Œuvres de Leibniz : par où commencer

  • Discours de métaphysique (1686) : court, fondamental. Suivi de la correspondance avec Arnauld qui en éclaire les implications. Édition GF-Flammarion ou Vrin.
  • Monadologie (1714) : 90 paragraphes, très dense, synthèse de la métaphysique leibnizienne. Difficile sans guide, à lire idéalement avec un commentaire (par exemple celui d'Émile Boutroux ou de Christiane Frémont).
  • Principes de la nature et de la grâce (1714) : version plus accessible que la Monadologie, à lire en parallèle.
  • Essais de Théodicée (1710) : long, mais accessible dans son cours. Le « Discours préliminaire » est l'un des grands textes sur le rapport entre foi et raison.
  • Nouveaux Essais sur l'entendement humain (1704, publiés 1765) : sous forme de dialogue, plus lisible que les opuscules. Particulièrement précieux : la préface, le livre I (sur les idées innées), et le livre II chapitre 1 (sur les sens et l'entendement).
  • Correspondance avec Clarke (1715-1716) : courte, vive, sur l'espace, le temps et Dieu. Excellente porte d'entrée par les questions cosmologiques.

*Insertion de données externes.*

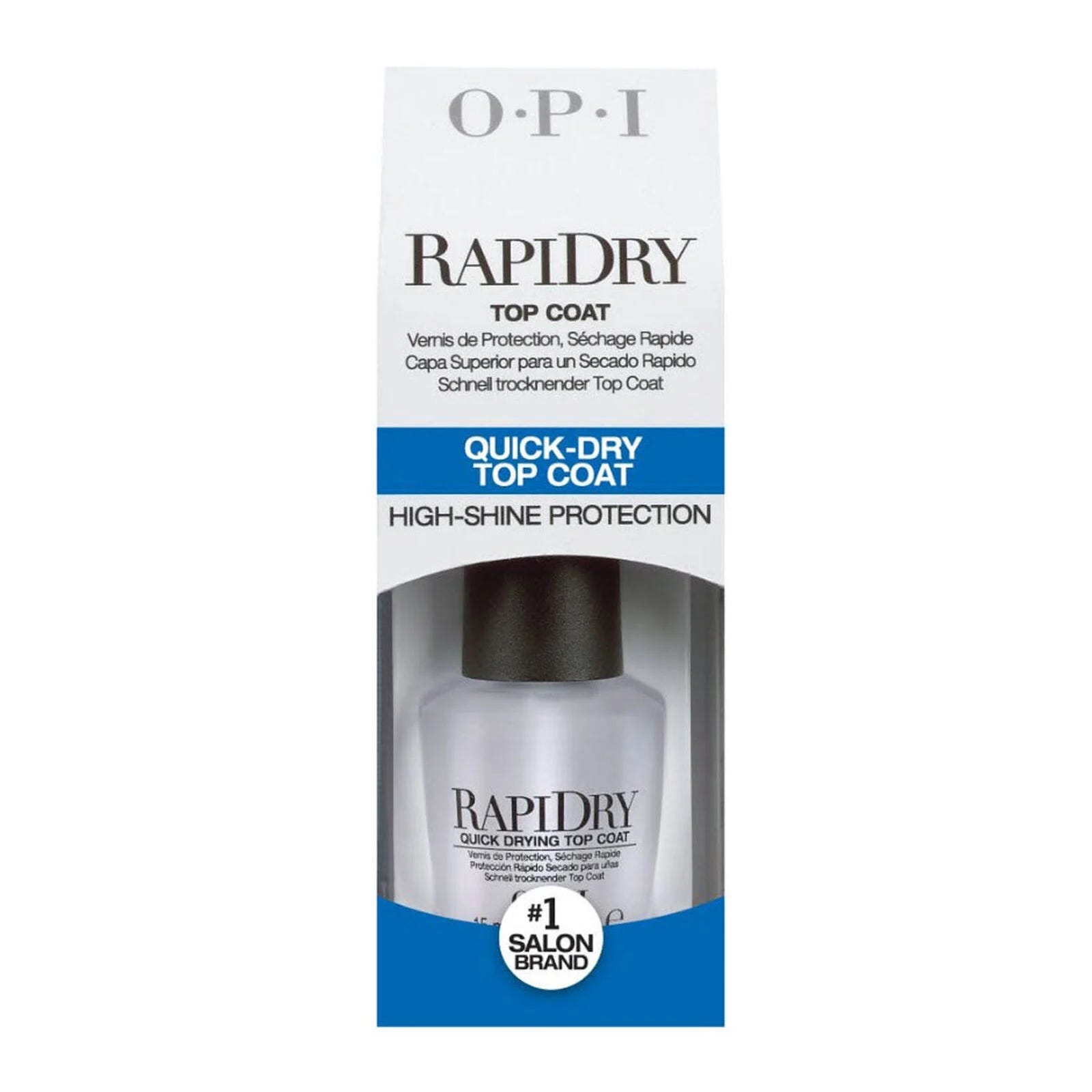 OPI RapiDry Top Coat provides quick-dry, high-shine protection for nails; labeled as #1 salon brand.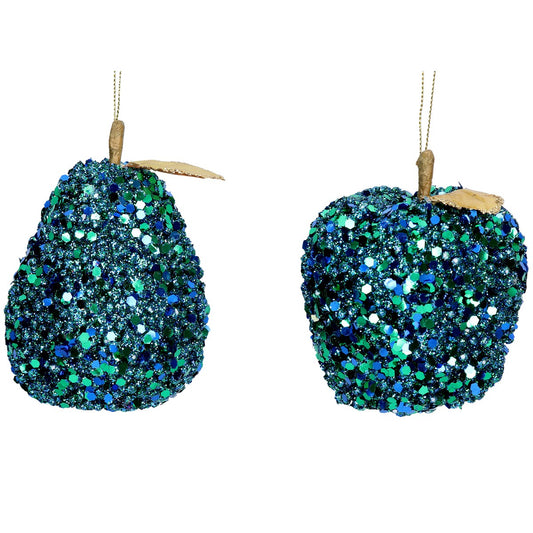 Set of 2 Sequin Hanging Apple & Pears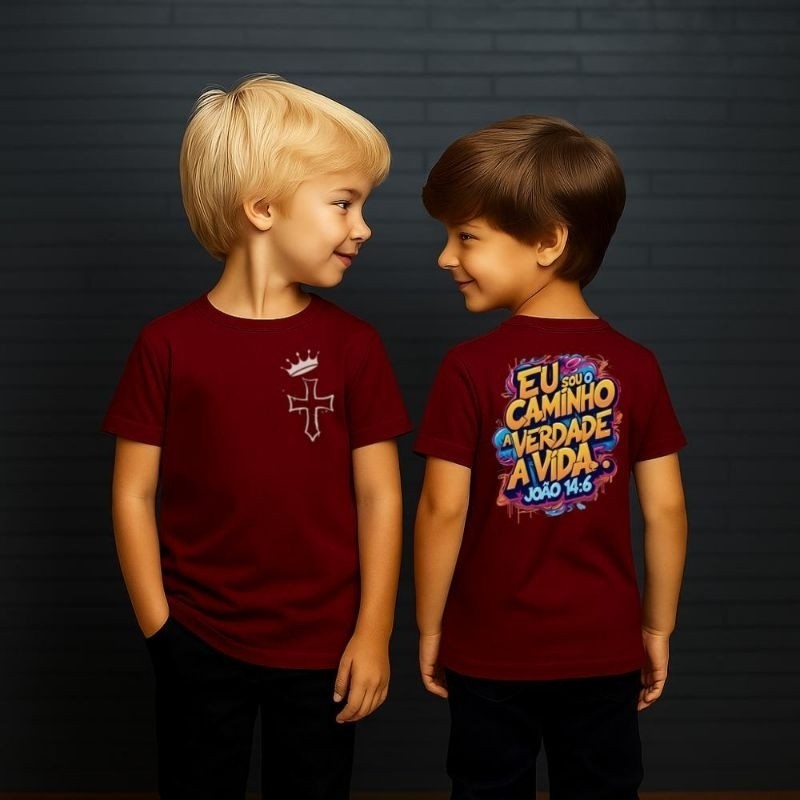 Camisa 30.1 João Deus 14:6 Blusa Manga Curta Algodão Camiseta Moda Infantil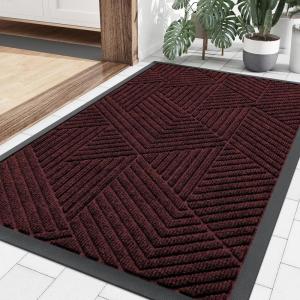 imageSmiry Front Door Mat Outside Entrance Heavy Duty Sturdy Natural Rubber Doormat Trap Dirt and Moisture Easy Clean Low Profile Welcome Floor Mats for Indoor Outdoor Entry 295x17 Inch BrownDark Red
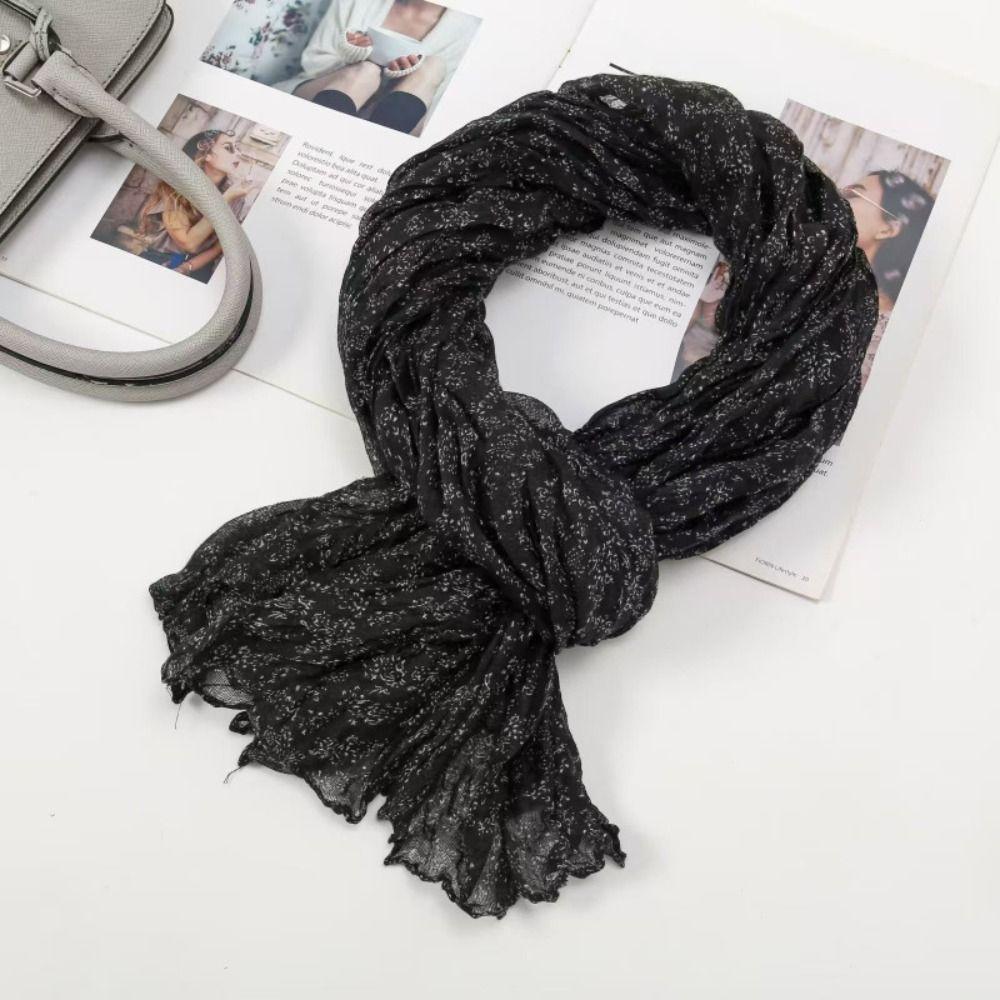 Floral Cotton Linen Scarf Vintage Long Shawl Wrap Fashion Pleated Printed Scarf  For Autumn Winter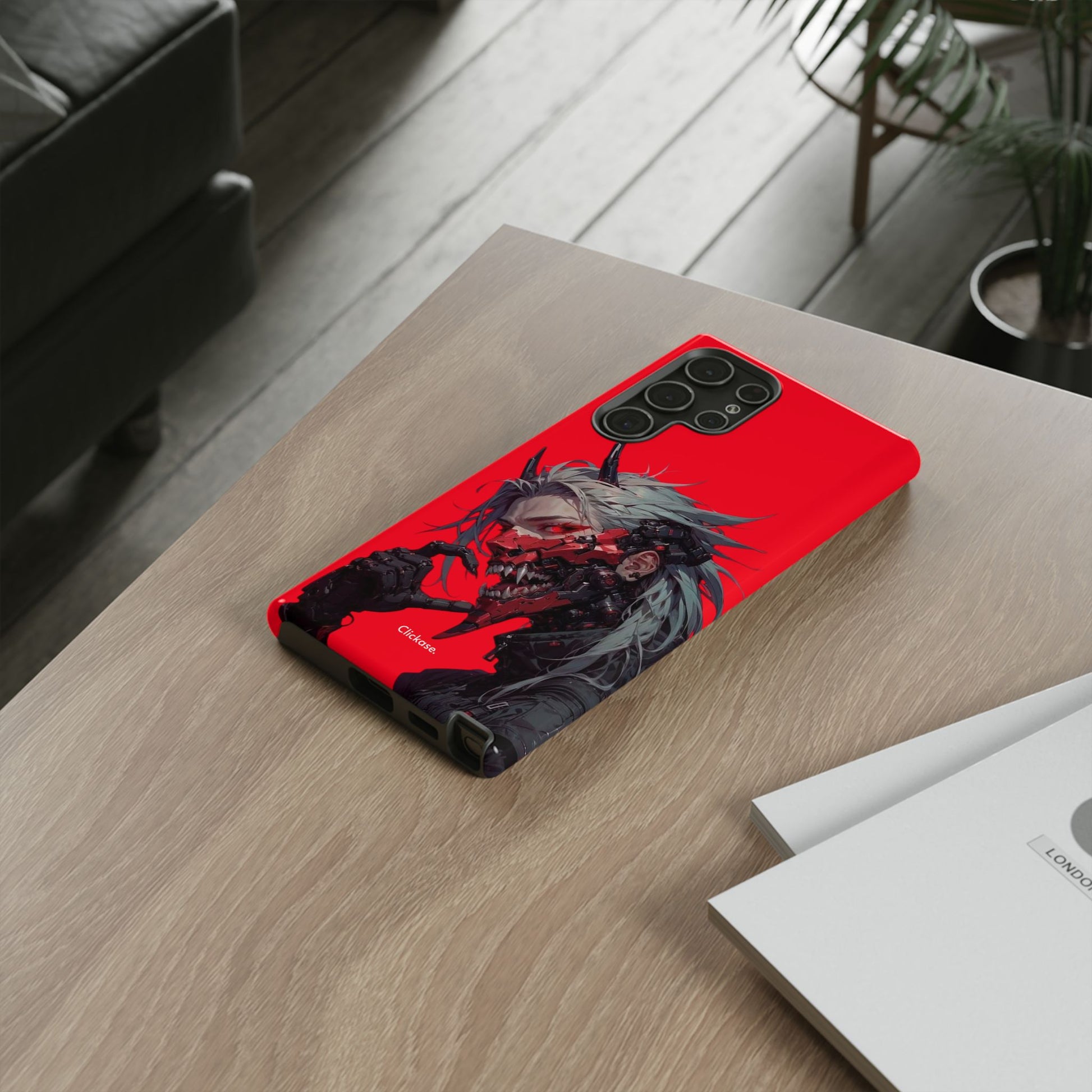 Demon Core Awakening – Futuristic Oni Cyborg Tough Phone Case by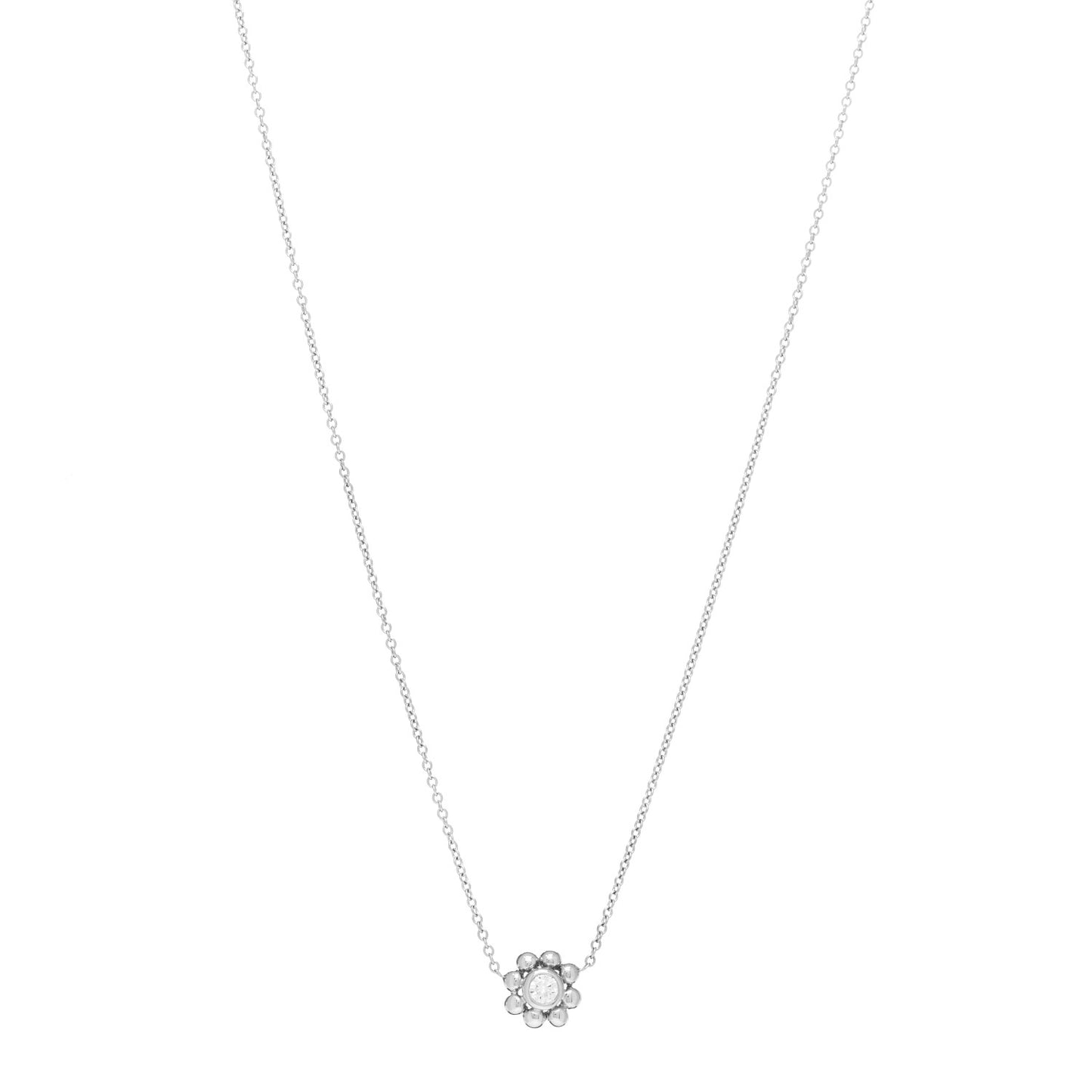 18K White Gold Diamond Paloma Picasso Jolie Flower Necklace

Sur le contexte historique

  • E. J. Aiton, Leibniz. A Biography, Adam Hilger, 1985. Biographie de référence en anglais.
  • Maria Rosa Antognazza, Leibniz: An Intellectual Biography, Cambridge UP, 2009. Biographie intellectuelle plus récente, magistrale.

Ressources en ligne

  • Stanford Encyclopedia of Philosophy, plusieurs articles : « Gottfried Wilhelm Leibniz » par Brandon Look, « Leibniz on the Problem of Evil » par Michael Murray, etc.
  • L'Académie des sciences de Berlin-Brandebourg publie en ligne une partie de l'édition critique : Akademie-Ausgabe.
  • Le Leibniz-Forschungszentrum de l'université de Münster édite la revue Studia Leibnitiana.

Leibniz est l'un des philosophes les plus difficiles à aborder par lui-même, à cause de la dispersion de son œuvre. Commencer par le Discours de métaphysique avec un bon commentaire, ou par les Principes de la nature et de la grâce, est probablement la voie la plus sûre. Les Essais de Théodicée sont d'une lecture plus longue mais plus suivie.